**** Material supplied

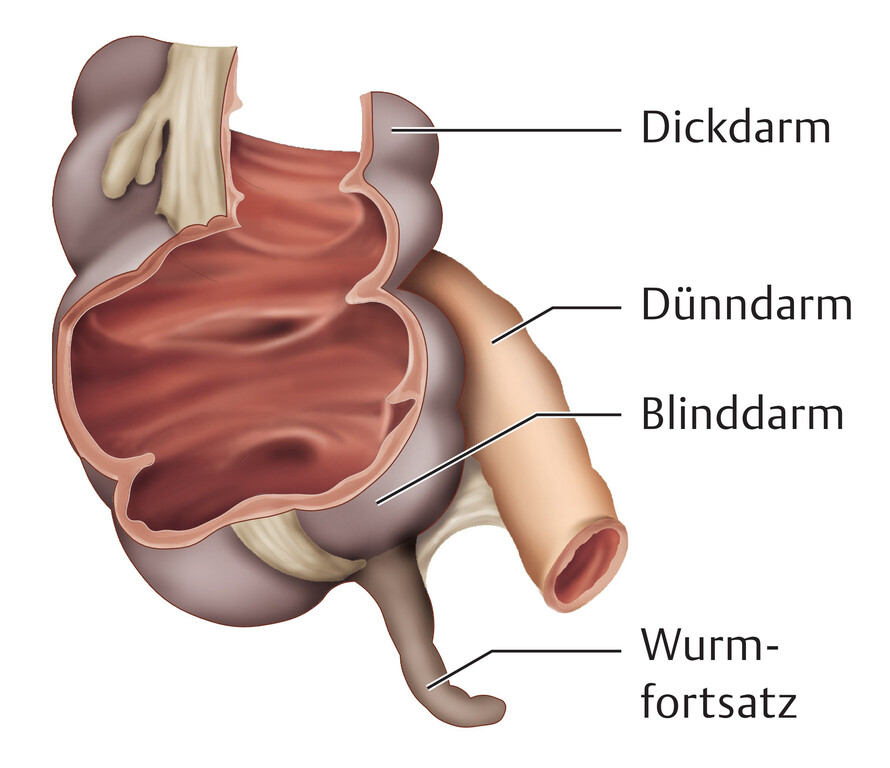 Pflege Von Patienten Mit Appendizitis Eref Thieme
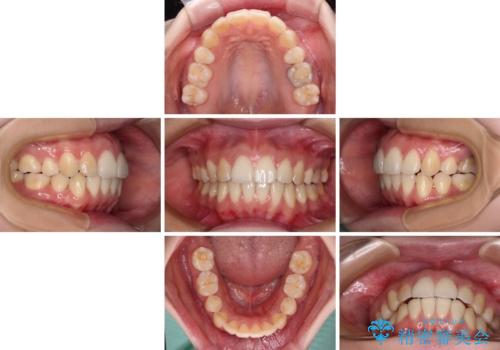 後戻りをインビザラインでスッキリした口元にの治療中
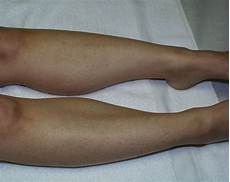 Leg Hair Removal by Laser Hair Removal In Orlando For Legs Laser Centers Of Leg Hair Removal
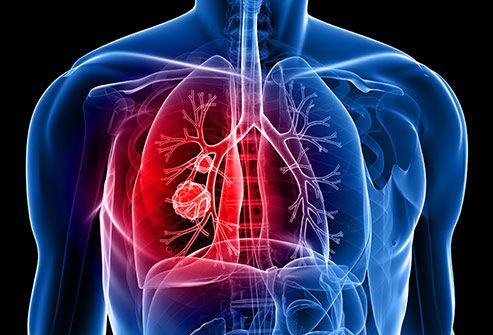 سرطان الرئة lung cancer: الأسباب والأعراض والتشخيص والعلاج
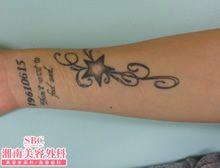 タトゥー(刺青・入れ墨)除去　ピコレーザー　症例写真⑪　ビフォーアフター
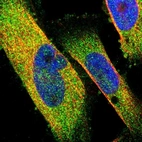 Immunofluorescent staining of human cell line U-251 MG shows localization to cytosol.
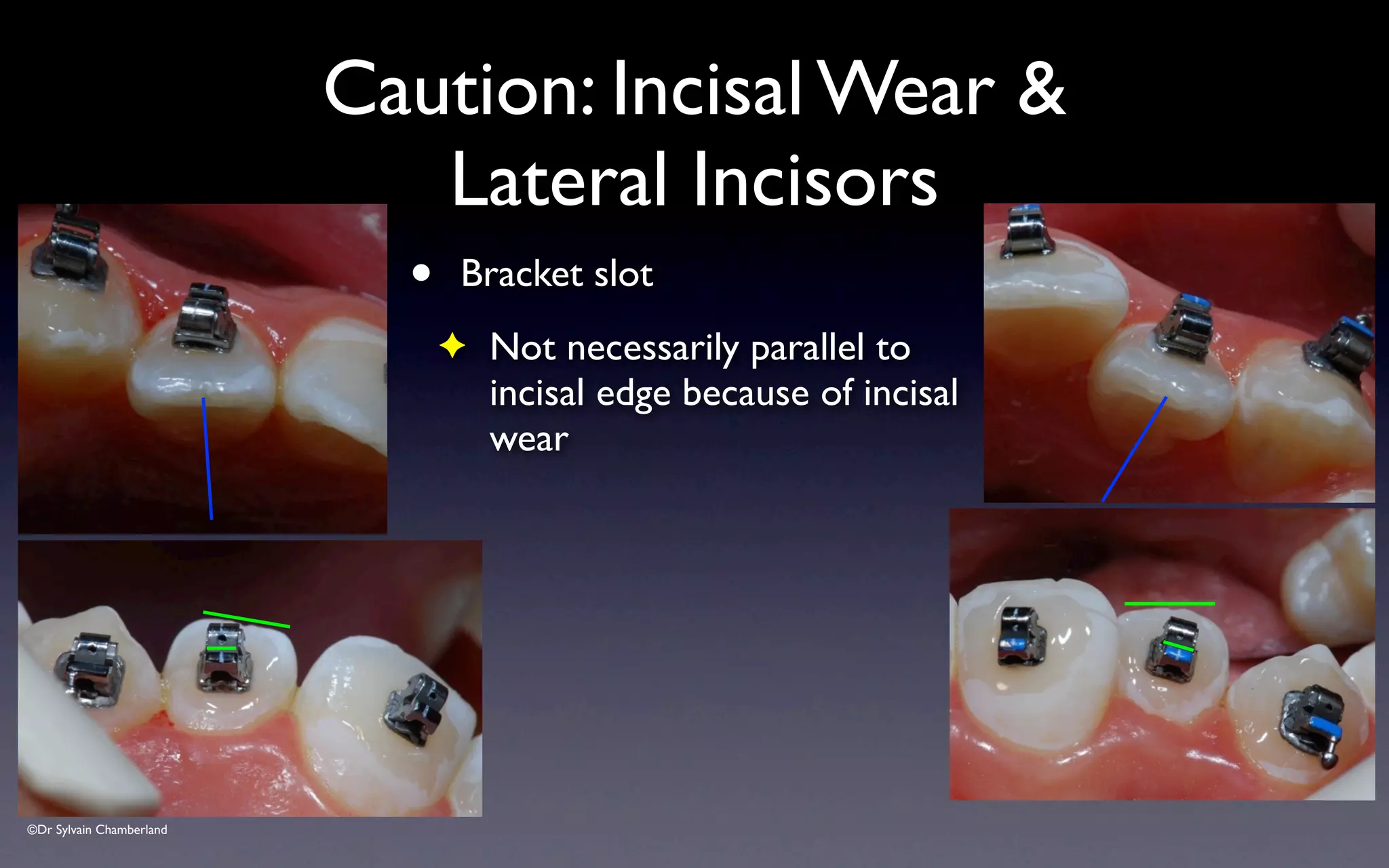 ©Dr Sylvain Chamberland
• Bracket slot
✦ Not necessarily parallel to
incisal edge because of incisal
wear
Caution: Incisal Wear &
Lateral Incisors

********

**Task item:** Once the pictures are set aside, repeat the data above exactly.

**Exercise output:**
 Pflege Von Patienten Mit Appendizitis Eref Thieme
 後戻りをインビザラインでスッキリした口元にの治療中
 Leg Hair Removal by Laser Hair Removal In Orlando For Legs Laser Centers Of Leg Hair Removal
 سرطان الرئة lung cancer: الأسباب والأعراض والتشخيص والعلاج
 タトゥー(刺青・入れ墨)除去　ピコレーザー　症例写真⑪　ビフォーアフター
 Immunofluorescent staining of human cell line U-251 MG shows localization to cytosol.
 ©Dr Sylvain Chamberland
• Bracket slot
✦ Not necessarily parallel to
incisal edge because of incisal
wear
Caution: Incisal Wear &
Lateral Incisors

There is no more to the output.